2FA saves the day here.
82   Hircus   2022 May 3, 11:19am  

@patrick I recall some years back we discussed your "bbcode" implementation. I recall finding xss holes in it, and recommended doing string replacements in a loop until no further changes/replacements were detected. Not sure if you ever addresses that code, but if not, I bet you still have xss holes.

One thing I would strongly recommend is developing a restrictive "CSP policy", where you disable browser and scripting features you dont want. For example, by telling the browser you will never use inline js via
<script>code</script>
or
<a onclick="...code..."></a>
you can easily and robustly thwart most xss vectors and sinks. CSP can potentially be very powerful against xss if you dont mind writing your code in certain ways, such as putting all js in .js files. CSP can support allowing you to use inline script tags safely if you tag each with a random-per-page-load nonce, or tagged with a checksum of the code contents.

You can also tell it which domains it is allowed to load scripts from (do not ever grant it to load code from a CDN, which I know you wouldnt do anyway due to the tracking/trust issue, but all CDNs host exploitable js code, which can be used to escalate executable code and get around your CSP restrictions because you greenlighted the code from that domain).

Read up on it, its very powerful.
83   NuttBoxer   2022 May 3, 11:53am  

Hircus says
It's true, you can make a very strong password with just lowercase. But that's not the point - the policy is used because SOME users will create weak passwords if the system lets them type it in


Or as you just said, fuck the special characters and just make the minimum length requirement longer.
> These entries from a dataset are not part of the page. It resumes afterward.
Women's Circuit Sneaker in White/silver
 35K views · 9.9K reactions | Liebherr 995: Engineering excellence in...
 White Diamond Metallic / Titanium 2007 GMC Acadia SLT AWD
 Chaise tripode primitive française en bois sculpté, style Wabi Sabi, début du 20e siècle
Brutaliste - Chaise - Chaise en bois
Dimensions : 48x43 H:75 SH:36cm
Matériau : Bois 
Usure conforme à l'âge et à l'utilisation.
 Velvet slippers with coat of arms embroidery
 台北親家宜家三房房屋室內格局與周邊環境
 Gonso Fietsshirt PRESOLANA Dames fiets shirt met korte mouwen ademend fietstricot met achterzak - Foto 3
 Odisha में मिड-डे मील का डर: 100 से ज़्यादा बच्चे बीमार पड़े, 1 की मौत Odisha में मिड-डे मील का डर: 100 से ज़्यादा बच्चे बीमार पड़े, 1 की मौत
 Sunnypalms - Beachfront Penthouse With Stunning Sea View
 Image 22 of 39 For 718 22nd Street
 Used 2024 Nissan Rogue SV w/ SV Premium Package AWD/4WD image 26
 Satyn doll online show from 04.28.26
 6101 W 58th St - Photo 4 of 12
My current work password is the second half of the companies name with a capital first letter, followed by 1@. An admittedly shitty password that wouldn't be very hard to guess, and that's on purpose, because they require 2FA to access the companies password manager. Now if I could open the password manager first, I'd use that to randomly generate every password I have to setup. But because they put it behind a bunch of red tape, I barely use it at all. And because I'm forced to change it every three months, and it can't be re-used for at least n cycles, I'm going to keep picking incredibly similar, easy to guess passwords so I don't have to worry about forgetting them.

Texbook example of corporate bullshit.
84   Patrick   2022 May 3, 12:10pm  

Hircus says
CSP can potentially be very powerful against xss if you dont mind writing your code in certain ways, such as putting all js in .js files.


Yes, I remember that CSP header thing, and I do have my .js in a separate file right now, but it's a pain in the ass in development, because you have to load the new js file somehow each time you change it, and the html that the js acts on is separated, so the connection between the two is not obvious. And I just don't like having multiple files.

So security and programmer convenience are a bit opposed in this case.

I do try to filter out all script tags from user input, but maybe that's not enough.
85   NuttBoxer   2022 May 4, 9:16am  

Maybe I'm missing an angle, but if you sanitize all user input, not sure you still need a separate JS file.